§ **TASK OBJECTIVE**: Copy the records below exactly as they are written.
##### GIVEN RECORDS
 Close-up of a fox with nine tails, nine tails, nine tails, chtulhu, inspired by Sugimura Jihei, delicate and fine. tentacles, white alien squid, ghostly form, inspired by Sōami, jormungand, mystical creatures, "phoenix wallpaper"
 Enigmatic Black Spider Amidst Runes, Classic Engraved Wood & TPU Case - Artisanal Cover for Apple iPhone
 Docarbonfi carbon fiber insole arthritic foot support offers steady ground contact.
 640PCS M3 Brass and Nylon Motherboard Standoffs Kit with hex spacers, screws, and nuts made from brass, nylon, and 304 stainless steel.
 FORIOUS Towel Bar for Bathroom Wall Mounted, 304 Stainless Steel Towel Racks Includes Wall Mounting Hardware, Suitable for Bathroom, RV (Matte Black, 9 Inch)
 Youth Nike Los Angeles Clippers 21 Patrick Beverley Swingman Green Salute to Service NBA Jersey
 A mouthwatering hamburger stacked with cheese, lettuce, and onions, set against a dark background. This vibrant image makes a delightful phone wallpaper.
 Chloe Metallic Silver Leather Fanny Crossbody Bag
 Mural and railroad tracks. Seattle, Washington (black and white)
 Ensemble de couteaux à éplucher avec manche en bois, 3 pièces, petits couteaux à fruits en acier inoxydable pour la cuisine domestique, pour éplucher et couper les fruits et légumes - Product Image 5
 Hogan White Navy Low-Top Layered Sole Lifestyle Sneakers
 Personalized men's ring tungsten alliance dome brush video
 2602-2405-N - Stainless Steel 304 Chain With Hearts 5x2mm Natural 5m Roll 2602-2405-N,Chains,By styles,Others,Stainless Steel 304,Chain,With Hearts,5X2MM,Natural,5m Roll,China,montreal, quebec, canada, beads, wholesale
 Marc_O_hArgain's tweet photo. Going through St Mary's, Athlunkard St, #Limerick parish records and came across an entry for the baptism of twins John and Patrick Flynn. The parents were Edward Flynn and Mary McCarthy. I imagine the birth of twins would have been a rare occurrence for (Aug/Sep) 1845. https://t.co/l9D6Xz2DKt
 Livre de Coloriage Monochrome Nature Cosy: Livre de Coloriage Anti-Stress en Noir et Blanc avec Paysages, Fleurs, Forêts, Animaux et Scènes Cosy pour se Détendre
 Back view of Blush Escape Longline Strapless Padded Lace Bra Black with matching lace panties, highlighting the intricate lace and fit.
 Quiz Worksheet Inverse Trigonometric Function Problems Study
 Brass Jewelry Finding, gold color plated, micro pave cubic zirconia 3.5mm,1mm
##########
§ **ANSWER SPACE**:
 Close-up of a fox with nine tails, nine tails, nine tails, chtulhu, inspired by Sugimura Jihei, delicate and fine. tentacles, white alien squid, ghostly form, inspired by Sōami, jormungand, mystical creatures, "phoenix wallpaper"
 Enigmatic Black Spider Amidst Runes, Classic Engraved Wood & TPU Case - Artisanal Cover for Apple iPhone
 Docarbonfi carbon fiber insole arthritic foot support offers steady ground contact.
 640PCS M3 Brass and Nylon Motherboard Standoffs Kit with hex spacers, screws, and nuts made from brass, nylon, and 304 stainless steel.
 FORIOUS Towel Bar for Bathroom Wall Mounted, 304 Stainless Steel Towel Racks Includes Wall Mounting Hardware, Suitable for Bathroom, RV (Matte Black, 9 Inch)
 Youth Nike Los Angeles Clippers 21 Patrick Beverley Swingman Green Salute to Service NBA Jersey
 A mouthwatering hamburger stacked with cheese, lettuce, and onions, set against a dark background. This vibrant image makes a delightful phone wallpaper.
 Chloe Metallic Silver Leather Fanny Crossbody Bag
 Mural and railroad tracks. Seattle, Washington (black and white)
 Ensemble de couteaux à éplucher avec manche en bois, 3 pièces, petits couteaux à fruits en acier inoxydable pour la cuisine domestique, pour éplucher et couper les fruits et légumes - Product Image 5
 Hogan White Navy Low-Top Layered Sole Lifestyle Sneakers
 Personalized men's ring tungsten alliance dome brush video
 2602-2405-N - Stainless Steel 304 Chain With Hearts 5x2mm Natural 5m Roll 2602-2405-N,Chains,By styles,Others,Stainless Steel 304,Chain,With Hearts,5X2MM,Natural,5m Roll,China,montreal, quebec, canada, beads, wholesale
 Marc_O_hArgain's tweet photo. Going through St Mary's, Athlunkard St, #Limerick parish records and came across an entry for the baptism of twins John and Patrick Flynn. The parents were Edward Flynn and Mary McCarthy. I imagine the birth of twins would have been a rare occurrence for (Aug/Sep) 1845. https://t.co/l9D6Xz2DKt
 Livre de Coloriage Monochrome Nature Cosy: Livre de Coloriage Anti-Stress en Noir et Blanc avec Paysages, Fleurs, Forêts, Animaux et Scènes Cosy pour se Détendre
 Back view of Blush Escape Longline Strapless Padded Lace Bra Black with matching lace panties, highlighting the intricate lace and fit.
 Quiz Worksheet Inverse Trigonometric Function Problems Study
 Brass Jewelry Finding, gold color plated, micro pave cubic zirconia 3.5mm,1mm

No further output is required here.